Topologists sine curve is not CW-decomposable I was going through the book "Topology" by Klaus Jaenich for some material on CW-complexes. After the definition of a CW-complex, the author gives a few first non-examples where one of the axioms is not satisfied. One of the non-examples is that of the topologist's sine curve (the author draws only a figure, but I did recognize it as the topologist's sine curve). In that example, he gives a particular cell-decomposition which does not satisfy the first axiom of CW-complexes and hence is not a CW-complex.
However, he then proceeds to write "This example cannot be 'fixed' by some other cell-decomposition, and hence the space is not CW-decompasble." I was looking for a proof of this statement. Is there an elementary proof which could be done at this stage or do we have to develop more theory around CW-complexes to get it?
Thanks in advance for any insights on the matter!
 A: There are various approaches.

*

*The topologist's sine curve $S$ is connected. If it were a CW-complex, then it would be path-connected which is not true.

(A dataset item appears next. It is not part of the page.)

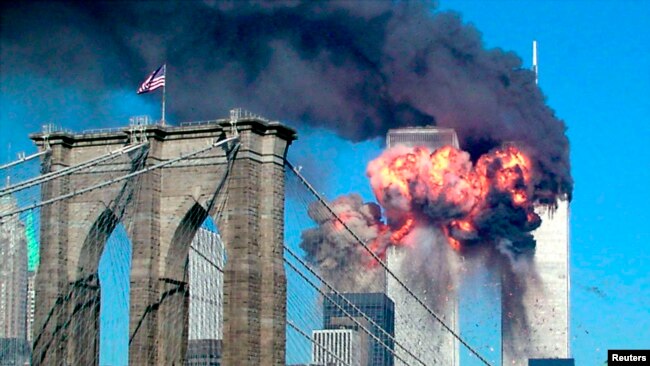 أسر ضحايا 11 سبتمبر يوجهون رسالة لبايدن بشأن الظواهري و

*$S$ is compact. If it were a CW-complex, then it would have only finitely many closed cells. Each closed cell must be contained in a path component of $S$. But $S$ has two path-components, one of which is not compact. This path-component must be the union of finitely many closed cells, i.e. must be compact. This is a contradiction.
A: Every CW complex $X$ is locally contractible, meaning that for each $x \in X$ there is a neighborhood basis of $x$ consisting of contractible open subsets (you can find a proof of this fact in an appendix of Hatcher's book "Algebraic Topology"). Of particular in for this problem is that for any $x \in X$ there is a neighborhood basis of $x$ consisting of path connected open subsets. Which is to say: every CW complex is locally path connected.
However, the topologists sine curve $S$ is not locally path connected: it has a point $s \in S$ which possesses an open neighborhood homeomorphic $U$ to the space
$$V = \biggl(\bigl\{1, \frac{1}{2}, \frac{1}{3}, \frac{1}{4},...\bigr\} \cup \{0\} \biggr) \times (-1,1)
$$
such that the homeomorphism $U \mapsto V$ takes $s \mapsto (0,0)$. Clearly no open neighborhood of $s$ that is a subset of $U$ is path connected. It follows that $s$ has no neighborhood basis of path connected open sets.
From this it follows that $S$ is not homeomorphic to any CW complex.